I do not know what to think. First I thought it was a joke or something. If it is for references to fill the exam application...Who in his right state of mind would do that? Maybe I am old school.

I used to work with an engineer at a previous job. After I passed the test had to put an application at the state I was/am living now for the license. This guy knew me, drank coffee with us 5 days a week and worked together in the same projects, different units but same projcts. I asked him to be one of my references and he said to me in my face. "No. I do not know your engineering work". As rude and cruel as I thought that was, he was right. Even when many people told me he was an a-hole for doing that.

If he is looking for books to use as references that is another story.

Maybe is an old friend of the Board.


----------



## Sschell (Jul 28, 2010)

snickerd3 said:


> Road Guy said:
> 
> 
> > thats not how it works, you have to have people that actually know you..
> ...


I don't think so.... link


----------



## wilheldp_PE (Jul 28, 2010)

I'm ready to give this guy a recommendation just based on his spelling of "Proffesional".


----------



## Dark Knight (Jul 29, 2010)

wilheldp_PE said:


> I'm ready to give this guy a recommendation just based on his spelling of "Proffesional".
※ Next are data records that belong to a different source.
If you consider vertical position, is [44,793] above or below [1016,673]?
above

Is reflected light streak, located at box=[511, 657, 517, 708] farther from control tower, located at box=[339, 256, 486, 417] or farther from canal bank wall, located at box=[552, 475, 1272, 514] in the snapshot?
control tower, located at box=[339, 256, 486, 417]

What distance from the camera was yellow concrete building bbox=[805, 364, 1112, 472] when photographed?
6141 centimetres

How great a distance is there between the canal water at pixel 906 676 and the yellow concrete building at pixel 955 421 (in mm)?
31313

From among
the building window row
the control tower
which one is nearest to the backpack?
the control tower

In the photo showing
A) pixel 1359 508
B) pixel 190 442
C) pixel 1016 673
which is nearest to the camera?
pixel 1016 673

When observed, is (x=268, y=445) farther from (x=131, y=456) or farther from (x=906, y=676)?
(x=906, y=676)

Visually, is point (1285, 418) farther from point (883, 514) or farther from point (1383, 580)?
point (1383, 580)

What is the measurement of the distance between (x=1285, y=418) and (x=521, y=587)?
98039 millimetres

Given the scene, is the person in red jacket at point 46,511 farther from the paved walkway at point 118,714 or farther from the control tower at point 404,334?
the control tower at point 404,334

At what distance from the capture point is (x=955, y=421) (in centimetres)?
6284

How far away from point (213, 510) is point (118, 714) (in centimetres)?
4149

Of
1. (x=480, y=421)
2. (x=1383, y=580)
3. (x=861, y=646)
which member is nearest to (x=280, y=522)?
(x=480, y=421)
Oh pleazzzzzz...Anyone can make a mizztake. Do not so judgemental.


----------



## RIP - VTEnviro (Jul 29, 2010)

Martin Ceballos said:


> Proffesional Engineers from Florida, please contact me
> Thanks
> 
> Martin Ceballos


Might I suggest you contact Orlando's Finest and Most Prestigious Civil Engineer.


----------



## roadwreck (Jul 29, 2010)

wilheldp_PE said:


> I'm ready to give this guy a recommendation just based on his spelling of "Proffesional".









you're in the 4th circle.


----------



## picusld (Jul 29, 2010)

Dark Knight said:


> I do not know what to think. First I thought it was a joke or something. If it is for references to fill the exam application...Who in his right state of mind would do that? Maybe I am old school.
> I used to work with an engineer at a previous job. After I passed the test had to put an application at the state I was/am living now for the license. This guy knew me, drank coffee with us 5 days a week and worked together in the same projects, different units but same projcts. I asked him to be one of my references and he said to me in my face. "No. I do not know your engineering work". As rude and cruel as I thought that was, he was right. Even when many people told me he was an a-hole for doing that.
> 
> If he is looking for books to use as references that is another story.
> ...


Who would use their actual name requesting services that seem to be pretty un ethical from the providing party?

What engineer in their right mind would agree to be this guys reference?


----------



## CPT PE (Jul 29, 2010)

picusld said:


> Dark Knight said:
> 
> 
> > I do not know what to think. First I thought it was a joke or something. If it is for references to fill the exam application...Who in his right state of mind would do that? Maybe I am old school.
> ...



LOL....you can actually look him up on the Florida database as an EI.......pretty unethical to ask for a reference like that


----------



## wilheldp_PE (Jul 29, 2010)

roadwreck said:


> you're in the 4th circle.


And we're all in the 7th circle together. What's your point?


----------



## parthurvt (Jul 29, 2010)

Martin, I sincerely hope that you are simply uninformed. It is considered a breach of ethics to write a recommendation for an engineer when you have not worked directly with them in the field of engineering that they are trying to attain a license. I would be extremely careful now and stop posting these questions as they could lead to disciplinary action against you if I understand Florida law correctly.


----------



## Martin Ceballos (Jul 29, 2010)

Sorry for the missunderstandings and the "proffessional" spelling, I'm trying to get in contact with PE's for study materials (Structural)


----------



## DVINNY (Aug 4, 2010)

This thread may be an insta-classic

and I missed it until today.


----------



## floridaengineerintraining (Aug 4, 2010)

_Spammy crap deleted_


----------



## Clown Shoe (Aug 23, 2010)

Seems legit to me.


----------



## bulllgator (Dec 26, 2012)

True story: I got 3 emails from guys I didnt know and whom i had never met asking me to be a reference for their PE exam. One guy said "it's not like they check into it or anything. besides, don't you want to use your new seal?" awesome.


----------